▶
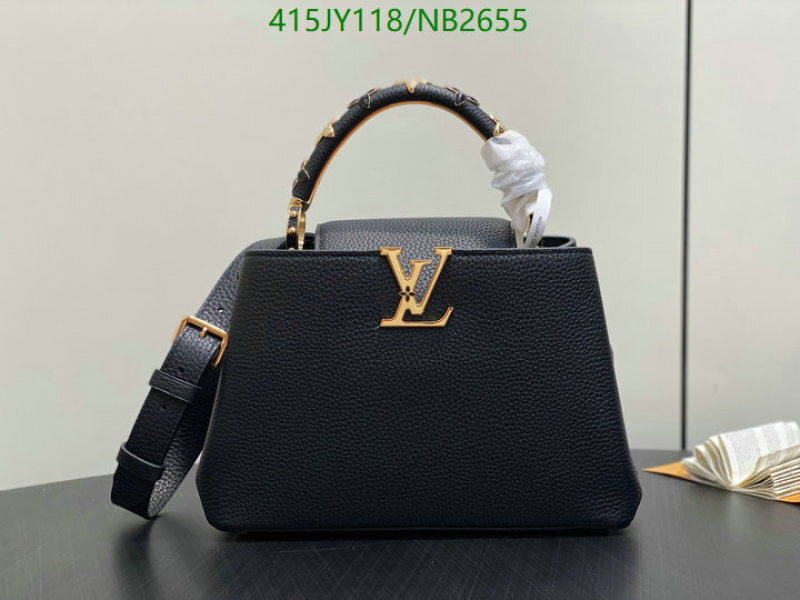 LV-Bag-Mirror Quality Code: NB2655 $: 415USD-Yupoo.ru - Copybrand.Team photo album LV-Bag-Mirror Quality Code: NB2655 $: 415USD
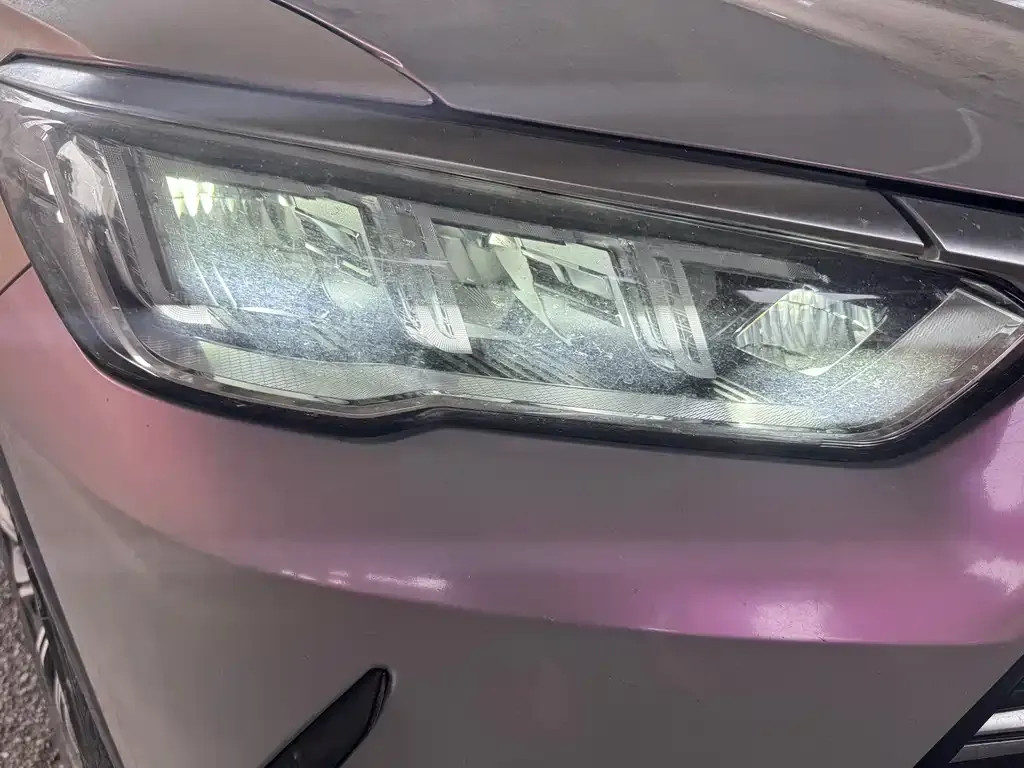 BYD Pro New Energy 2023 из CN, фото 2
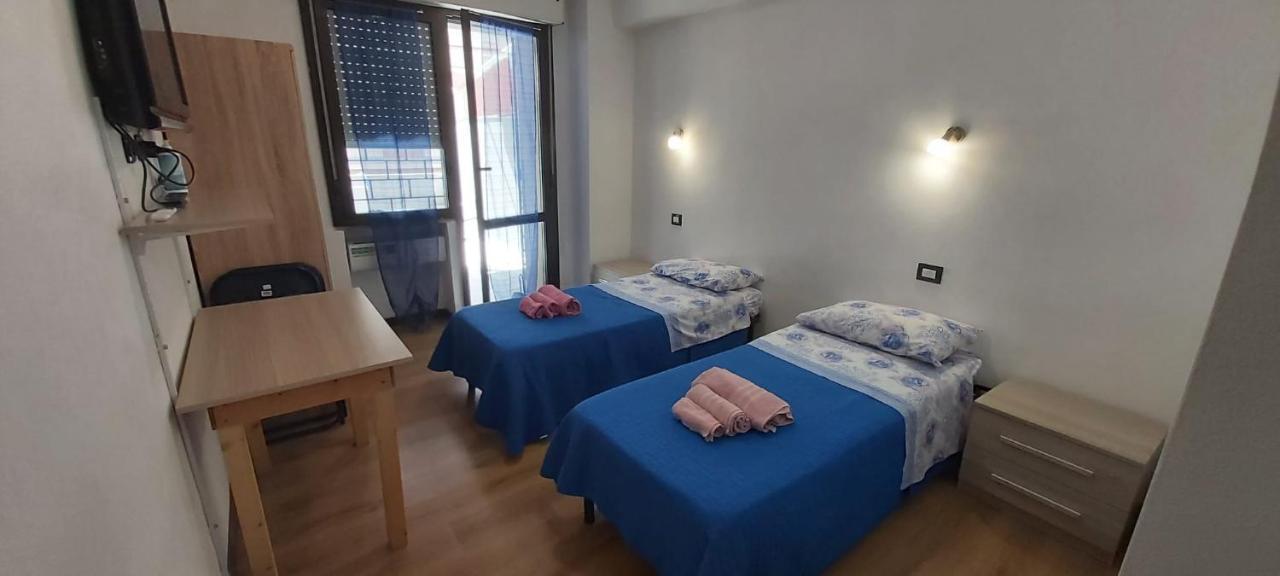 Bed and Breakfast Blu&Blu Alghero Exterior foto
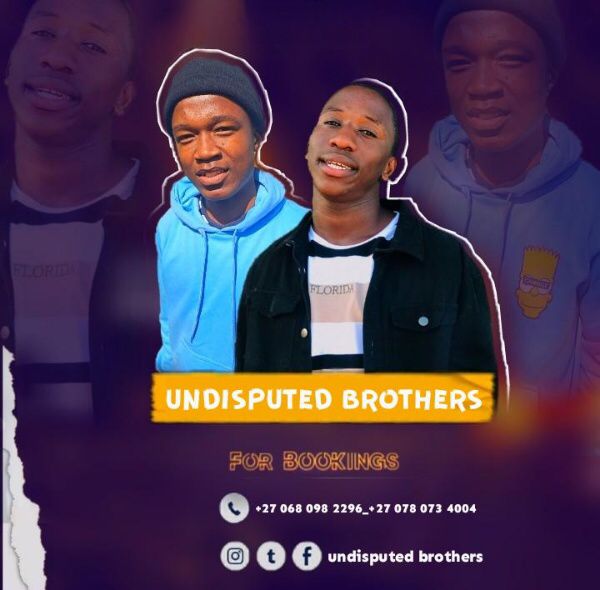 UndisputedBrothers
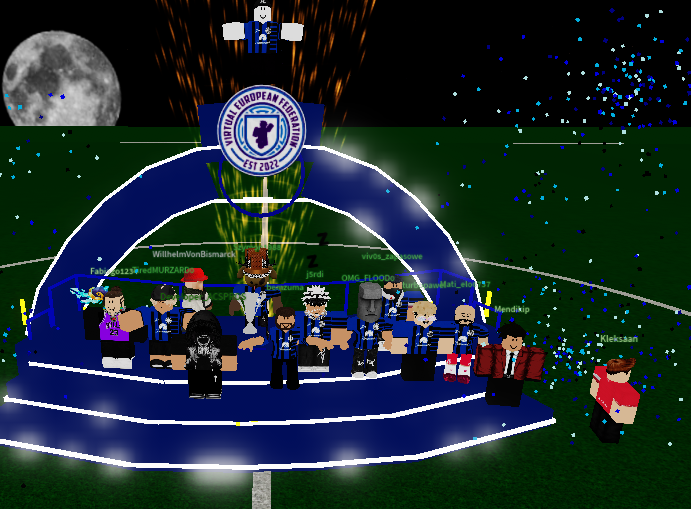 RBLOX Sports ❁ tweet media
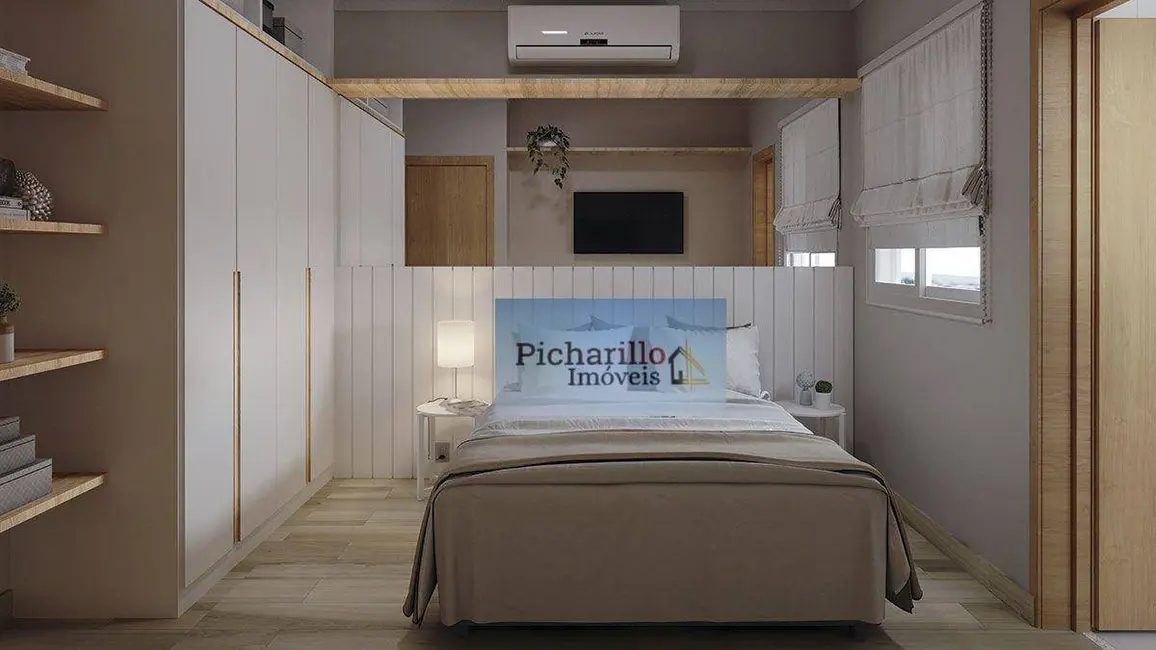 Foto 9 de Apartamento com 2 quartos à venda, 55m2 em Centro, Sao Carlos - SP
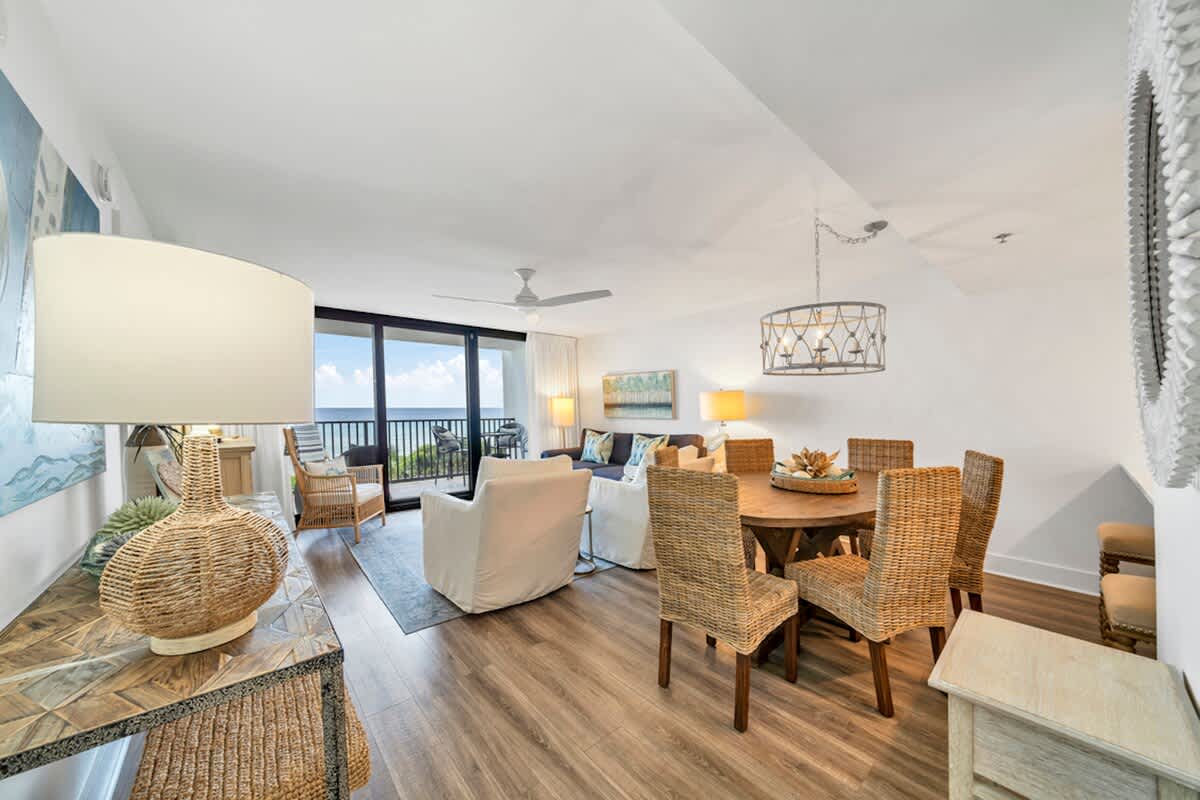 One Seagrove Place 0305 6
◀
* **DIRECTIONS FOR THIS TASK**
Every line of the material above must be written out exactly, with no pictures.

* **FINISHED TASK**
 LV-Bag-Mirror Quality Code: NB2655 $: 415USD-Yupoo.ru - Copybrand.Team photo album LV-Bag-Mirror Quality Code: NB2655 $: 415USD
 BYD Pro New Energy 2023 из CN, фото 2
 Bed and Breakfast Blu&Blu Alghero Exterior foto
 UndisputedBrothers
 RBLOX Sports ❁ tweet media
 Foto 9 de Apartamento com 2 quartos à venda, 55m2 em Centro, Sao Carlos - SP
 One Seagrove Place 0305 6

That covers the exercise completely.